Medallion of emperor Valens. Wien, Kunsthistorischesmuseum, Münzkabinett. Photo credit to Adriano Zampolini.

At Sirmium, in modern day Serbia, the two emperors divided their military personnel. The legions that were to serve Valentinian were dubbed Seniores while those under Valens were called Iuniores. Immediately, Valens’s power in the east was challenged by a usurper named Procopius, while Valentinian was occupied against the Alamanni tribe on the Rhine frontier. Valens was alone against Procopius, and as he had always been more of a follower than a leader, upon receiving news of the revolt, he faltered and even considered suicide. After this initial crisis of confidence, Valens strengthened his resolve to fight, ultimately managing to defeat Procopius in Anatolia (modern day Turkey) at the Battle of Thyatira. Procopius was captured and beheaded on the spot by Valens’s officers, and his head was sent to Valentinian as a trophy.

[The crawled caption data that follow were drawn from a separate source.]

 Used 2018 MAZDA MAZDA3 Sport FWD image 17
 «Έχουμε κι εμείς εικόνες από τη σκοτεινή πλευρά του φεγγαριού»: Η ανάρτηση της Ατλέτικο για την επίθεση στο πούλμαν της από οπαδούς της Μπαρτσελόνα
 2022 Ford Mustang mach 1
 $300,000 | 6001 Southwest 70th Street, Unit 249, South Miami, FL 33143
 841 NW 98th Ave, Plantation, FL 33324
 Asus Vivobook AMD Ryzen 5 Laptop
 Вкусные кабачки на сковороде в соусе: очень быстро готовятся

Meanwhile, Valens’s older brother was achieving victory after victory against the Alamanni in the West. An exceptional military man, Valentinian designed aggressive campaigns against the tribes living outside the Roman borders. One of these was the 368 AD expedition in which the Emperor gathered a massive army, including the Italian Comitatenses (professional troops) led by the Comes Italiae Sebastianus. He achieved a great victory at the Battle of Solicinium after which he then fortified the frontiers by building fortresses both inside and outside the established borders. Valentinian was the last western emperor to fortify the Roman frontiers and to lead an expedition outside the Roman Limes. By 370 AD, the empire seemed relatively stable after other successes against the Saxons.

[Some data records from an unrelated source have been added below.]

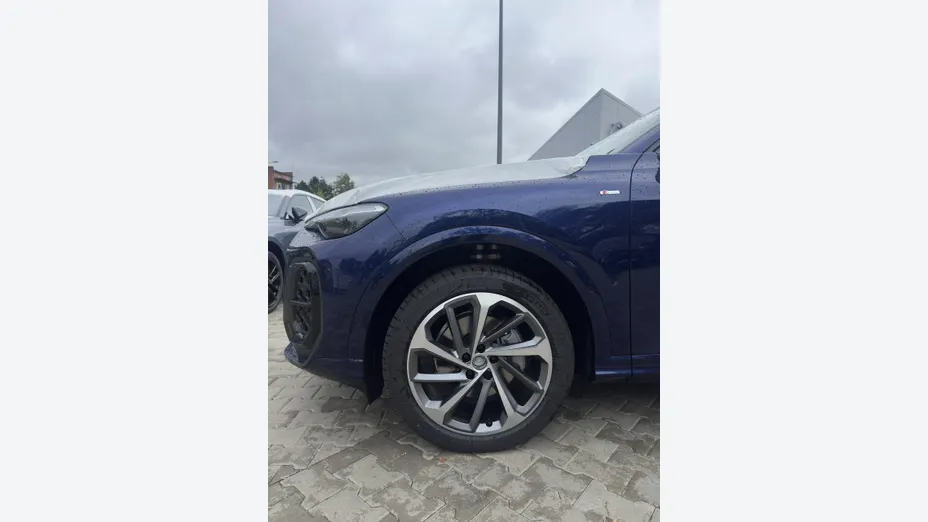 AUDI Q5 Sportback -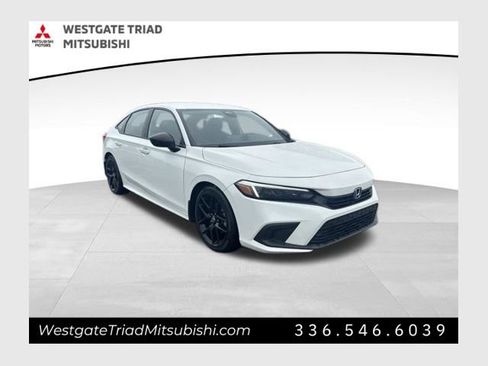 Used 2023 Honda Civic Sport image 1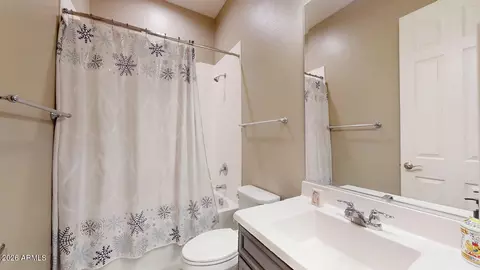 Bath - 3526 E Spring Wheat Ln, Gilbert, AZ 85296 photo 1 of 5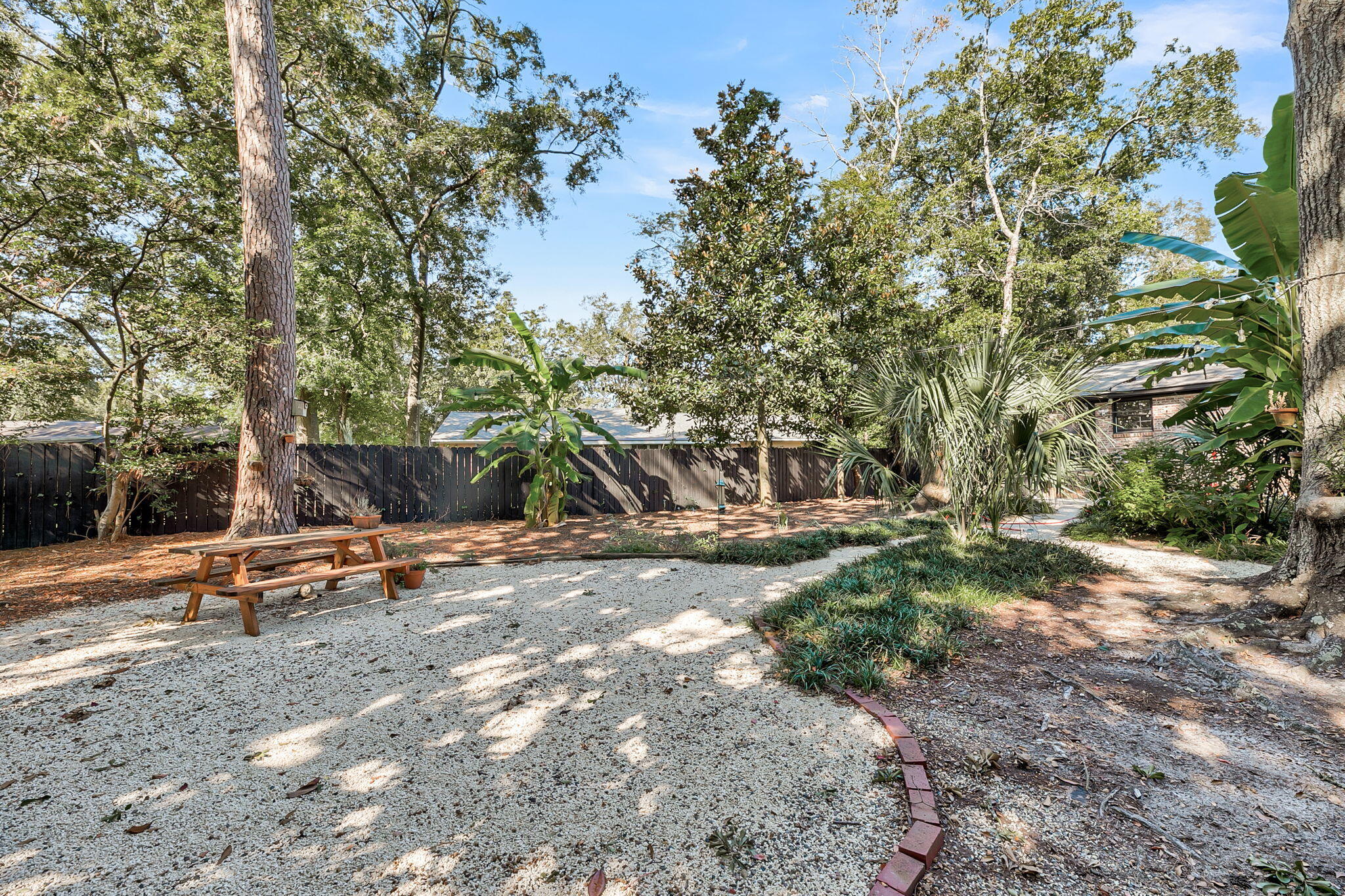 1285 Camerton Street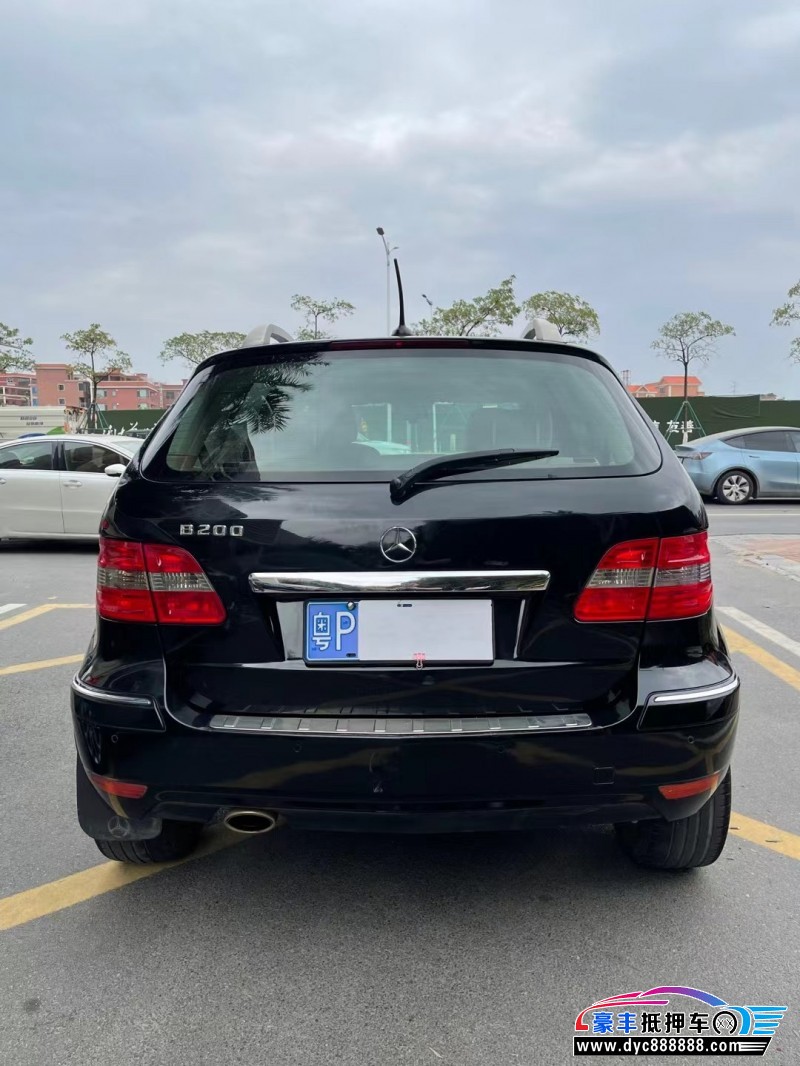 10年奔驰B轿车抵押车出售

Colossal bronze statue of Valentinian I in Barletta, Apulia. Photo credit to Adriano Zampolini.


According to Ammianus Marcellinus, death for Valentinian came in the form of a bursting blood vessels during one of his angry outbursts while negotiating with tribes on the Rhine (14 November 375 AD). This account is questionable.

Power in the west fell to Valentinian’s young son Gratian while the east remained under Valens. Valens had obtained victories over the Goths under Athanaric in the Balkans by the year 369 AD while Armenia was invaded by the powerful Persian King of Kings Shapur II. The bloody military encounters that followed ended in a stalemate in the East, with the persian armies kept at bay for the time being. In the year 376 AD, Valens was forced to rush to the Danube frontier, as the gothic tribe Tervingi had crossed the river and had defeated a roman force near Marcianople. After some initial success by the Roman general Sebastianus, the Goths, led by chieftain Fritigern, managed to defeat Valens’s imperial army at Adrianople, in Thrace.

Valens was among the dead, though his body was never found. Thus the Valentinian brothers came to an end, a period in history which has been undervalued to say the least, but was nevertheless rich of heroism, intrigue, imperial might and cruelty. This period is also proof of the Late Roman Empire’s military and civil might, charateristics that will be preserved in the Eastern half of the Empire and deteriorate over time in the West after the demise of Valentinian.



Introduction to the Late Roman Army

After the military reforms of Emperor Costantine the Great (306-337 AD), the traditional Roman army as we know it morphed into a more mobile and specialized force, able to deal quickly with foreign and domestic threats that arose throughout the empire. The new army of Costantine was composed of three main groups: the Comitatenses, the Limitanei or Riparienses and the Palatina legions.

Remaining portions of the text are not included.